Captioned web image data
★ ★ ★ ★ ★ ★ ★

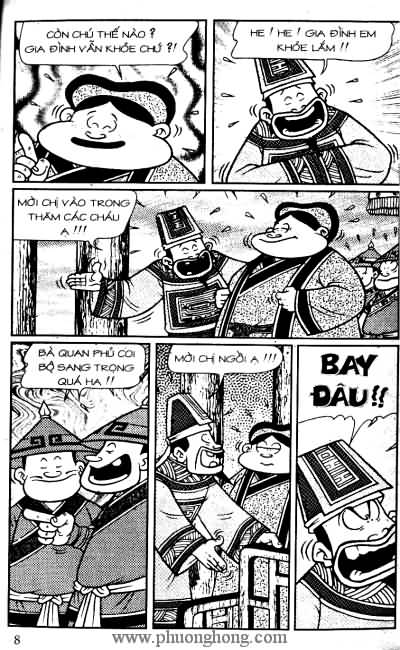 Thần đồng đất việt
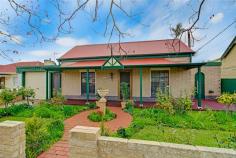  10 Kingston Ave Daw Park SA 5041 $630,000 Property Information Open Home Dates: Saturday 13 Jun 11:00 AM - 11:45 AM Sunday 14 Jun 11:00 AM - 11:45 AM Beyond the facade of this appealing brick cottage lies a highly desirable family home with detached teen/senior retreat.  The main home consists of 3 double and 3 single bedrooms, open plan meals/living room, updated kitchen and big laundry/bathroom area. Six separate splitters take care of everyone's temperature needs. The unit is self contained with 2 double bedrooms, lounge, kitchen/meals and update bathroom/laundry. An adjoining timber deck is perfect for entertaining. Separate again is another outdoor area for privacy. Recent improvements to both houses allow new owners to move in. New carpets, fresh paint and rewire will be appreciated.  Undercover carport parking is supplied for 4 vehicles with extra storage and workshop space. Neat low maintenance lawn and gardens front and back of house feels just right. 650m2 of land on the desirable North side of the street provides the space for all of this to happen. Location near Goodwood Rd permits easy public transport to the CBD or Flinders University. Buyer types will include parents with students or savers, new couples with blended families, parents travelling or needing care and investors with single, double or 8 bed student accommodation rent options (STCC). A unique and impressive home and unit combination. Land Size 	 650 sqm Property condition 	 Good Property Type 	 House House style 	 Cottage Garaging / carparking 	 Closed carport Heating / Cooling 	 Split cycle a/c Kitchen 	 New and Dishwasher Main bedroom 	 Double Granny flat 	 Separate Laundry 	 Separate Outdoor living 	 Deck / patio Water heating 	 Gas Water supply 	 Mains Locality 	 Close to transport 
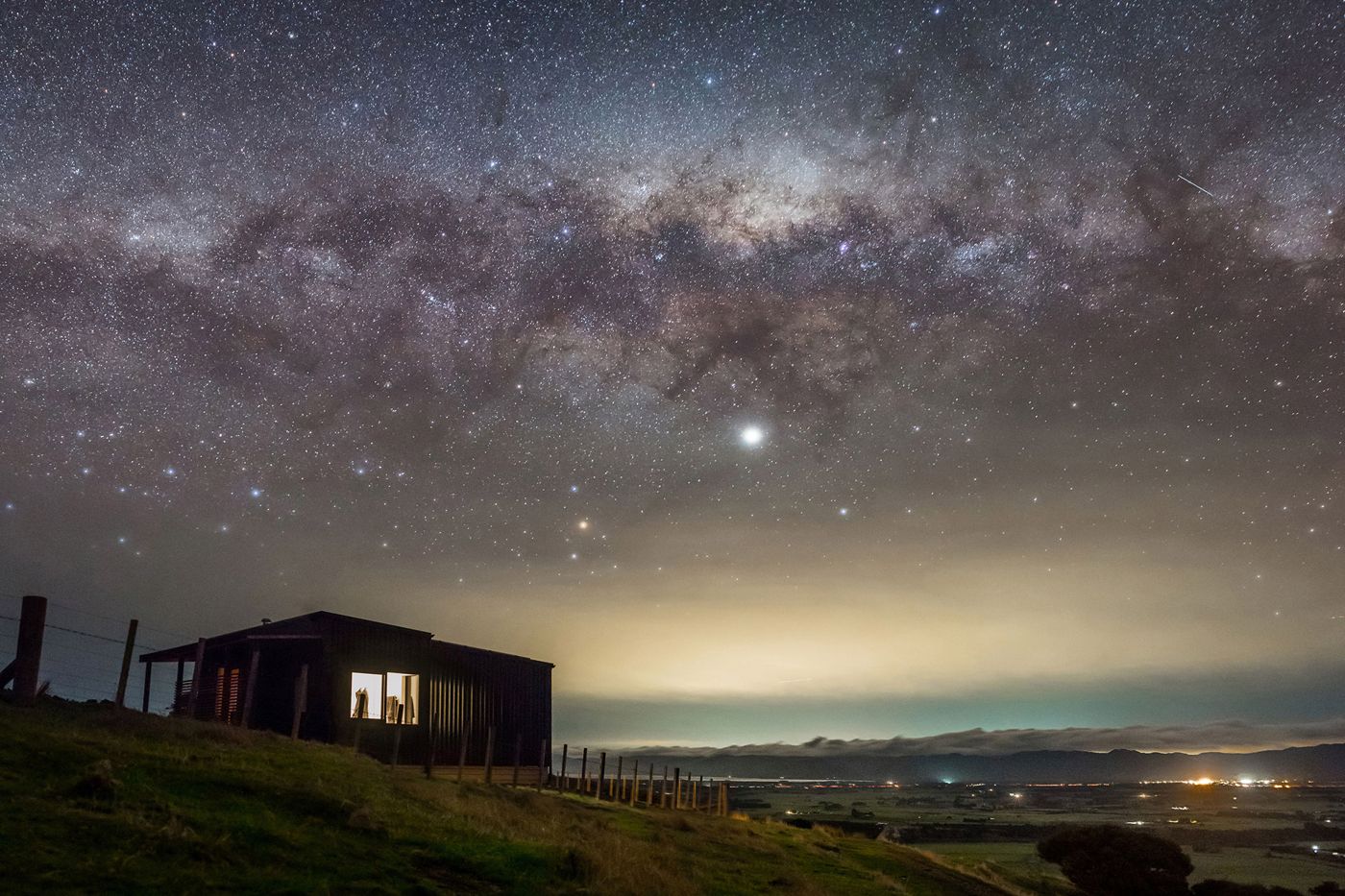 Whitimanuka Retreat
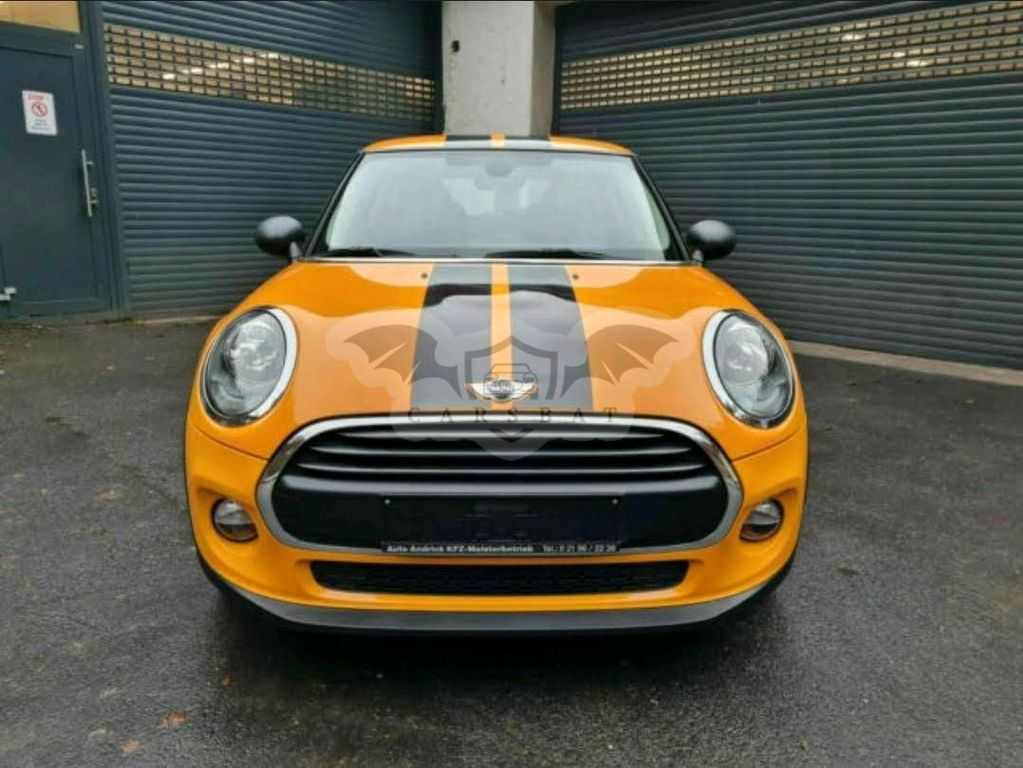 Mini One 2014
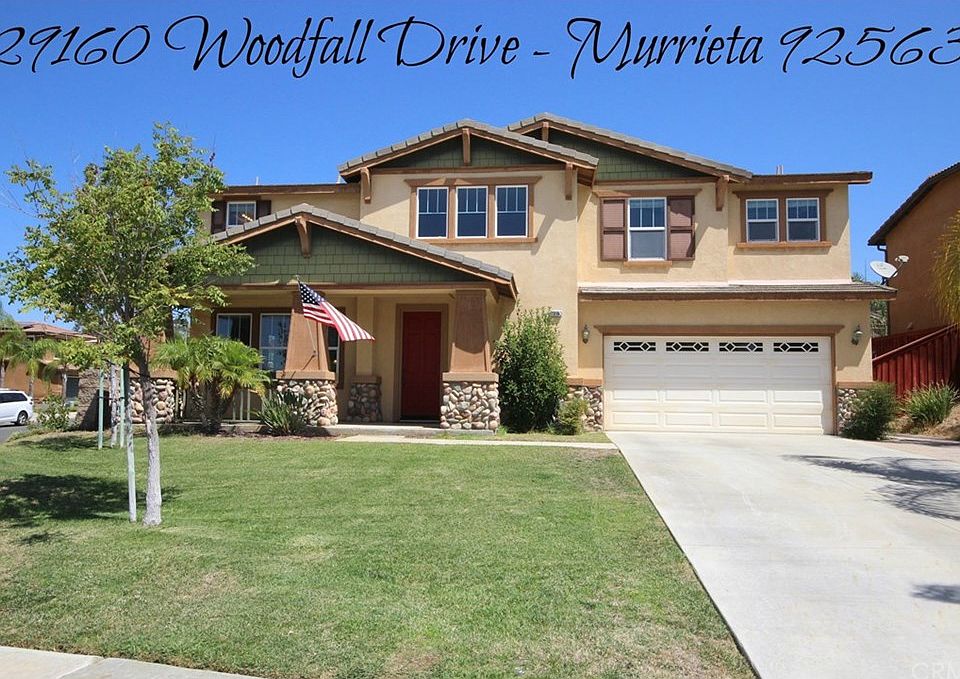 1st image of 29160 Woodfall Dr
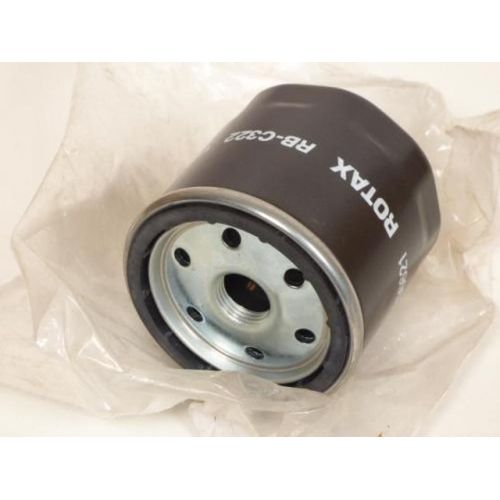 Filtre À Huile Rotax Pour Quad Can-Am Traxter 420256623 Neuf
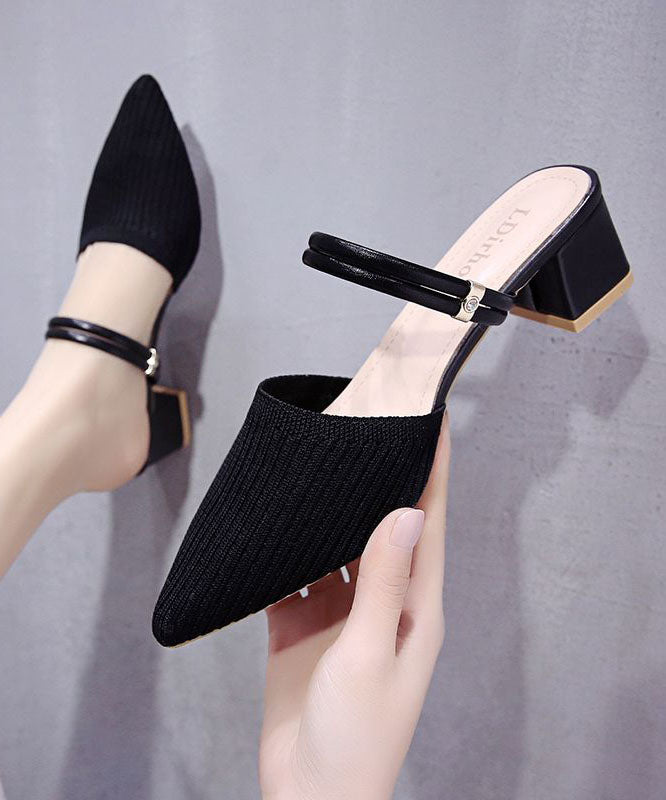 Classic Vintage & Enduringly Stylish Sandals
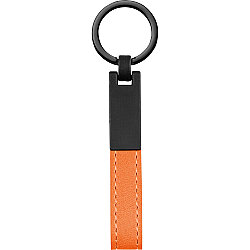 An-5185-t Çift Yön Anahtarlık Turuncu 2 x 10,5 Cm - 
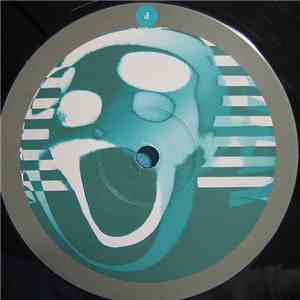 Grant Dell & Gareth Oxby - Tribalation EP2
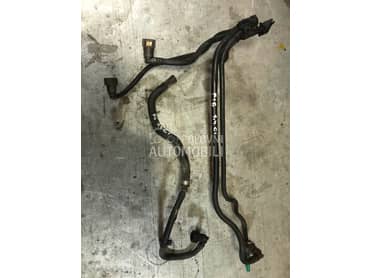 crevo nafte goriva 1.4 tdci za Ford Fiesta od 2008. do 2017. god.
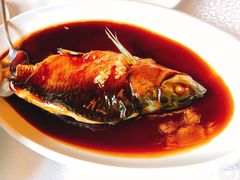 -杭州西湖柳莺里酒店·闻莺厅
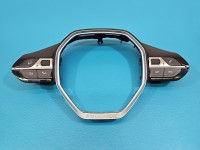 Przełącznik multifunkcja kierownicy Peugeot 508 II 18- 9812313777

★ ★ ★ ★ ★ ★ ★

# About this exercise
Leave out the pictures and repeat exactly the lines from the one containing "Mini One 2014" through the last line of the entries.

# Answer box
 Mini One 2014
 1st image of 29160 Woodfall Dr
 Filtre À Huile Rotax Pour Quad Can-Am Traxter 420256623 Neuf
 Classic Vintage & Enduringly Stylish Sandals
 An-5185-t Çift Yön Anahtarlık Turuncu 2 x 10,5 Cm - 
 Grant Dell & Gareth Oxby - Tribalation EP2
 crevo nafte goriva 1.4 tdci za Ford Fiesta od 2008. do 2017. god.
 -杭州西湖柳莺里酒店·闻莺厅
 Przełącznik multifunkcja kierownicy Peugeot 508 II 18- 9812313777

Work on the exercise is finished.